The recent wave of tech layoffs

Context: Technology giants Alphabet, Amazon, Meta, and Microsoft have announced the slashing of thousands from their workforce in the last couple of months.

Who has made layoffs?

  • In 2022, the tech sector shed more than 1,50,000 employees, with several more job cuts (over 40,000) being announced since the start of the 2023.
  • Facebook-owner Meta Platforms Inc. announced in November last year that it cut more than 11,000 jobs or 13% of its workforce. The mass layoffs were the first of their kind in Meta’s 18 years of operation.
  • The Bill Gates-founded tech corporation, Microsoft headquartered in Washington announced that it would cut 10,000 jobs or less than 5% of its headcount.
  • In early January, Amazon cut 18,000 jobs or 6% of its workforce in company-wide layoffs.
  • Alphabet, the parent company of Google, said it would be cutting 12,000 jobs or 6% of its workforce.

Reason for the layoff?

  • The advent of the coronavirus pandemic brought along rapid growth for the tech sector as work became increasingly remote, e-commerce grew amid lockdowns across the world, and housebound people spent more and more time online.
  • Riding on the accelerating growth, Big Tech companies and even some small ones went on a hiring spree from the start of the pandemic.
    • Amazon’s headcount increased from 7,98,000 in 2019 to 15,44,000 in 2022, before the recent layoffs, doubling its employee base.
    • During the same period, Microsoft went from 1,44,000 employees to 2,21,000.
    • Mark Zuckerberg’s Meta more than doubled its headcount, from close to 45,000 to over 87,000.
  • Big tech companies are now rightsizing their growth, instead of downsizing.
  • Tech companies who hired aggressively in the pandemic, probably envisioning rapid growth to be the new normal, are now trying to shrink headcounts back to where they would have been if not for the hyper-growth offered by the pandemic.
  • Meta CEO, Mr. Zuckerberg stated that he was wrong to assess that revenue gains during that period were permanent acceleration.
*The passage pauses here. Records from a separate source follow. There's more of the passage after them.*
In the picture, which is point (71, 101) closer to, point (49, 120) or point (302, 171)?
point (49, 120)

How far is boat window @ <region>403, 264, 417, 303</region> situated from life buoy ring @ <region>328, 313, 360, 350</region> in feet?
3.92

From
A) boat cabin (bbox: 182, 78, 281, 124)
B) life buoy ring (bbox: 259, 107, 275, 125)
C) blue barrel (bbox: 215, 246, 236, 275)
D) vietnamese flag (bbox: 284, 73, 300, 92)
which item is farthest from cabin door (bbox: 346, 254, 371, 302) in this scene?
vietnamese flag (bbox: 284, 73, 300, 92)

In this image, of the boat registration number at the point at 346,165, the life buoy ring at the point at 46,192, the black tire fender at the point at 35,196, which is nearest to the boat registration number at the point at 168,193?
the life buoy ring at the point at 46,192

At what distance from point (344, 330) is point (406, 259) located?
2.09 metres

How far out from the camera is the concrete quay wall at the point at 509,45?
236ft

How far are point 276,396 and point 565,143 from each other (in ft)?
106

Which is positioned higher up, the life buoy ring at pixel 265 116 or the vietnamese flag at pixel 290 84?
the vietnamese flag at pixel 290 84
Impact on India Professionals

  • As per reports between 30% to 40% of those laid off are Indian IT professionals, a significant number of whom are on H-1B and L1 visas.
  • The H-1B visa is a non-immigrant visa that allows U.S. companies to employ foreign workers in special occupations that require theoretical or technical expertise.
  • Technology companies depend on it to hire tens of thousands of employees each year from countries like India and China.
  • A sizeable number of them are now scrambling for options to stay in the U.S. in order to find a new job before their work visas expire.

 

Do the layoffs signify trouble for the tech industry?

  • Growth has indeed slowed down from pandemic levels, as pointed out by the CEOs of these companies.
  • Analysts also project that the five Big Tech companies, including Apple, are headed to report dismal profits for the October to December (2022)
  • A Reuters analysis states that Amazon is expected to report that earnings fell 38% and that revenue growth is at its slowest pace in more than 22 years.
  • Nonetheless, these tech companies, still remain huge and profitable. Microsoft reported a more than $16 billion profit in the quarter ending December 2022, compared to a profit of about $11.6 billion in the same period in 2019.
  • Meta, while reporting a 52% decline from a year earlier, earned a profit of $4.4 billion in the quarter ending September 2022.
Practice Question

 

  1. Describe the reasons for recent lay-off in the private sector in the USA? How has it impacted Indians working there?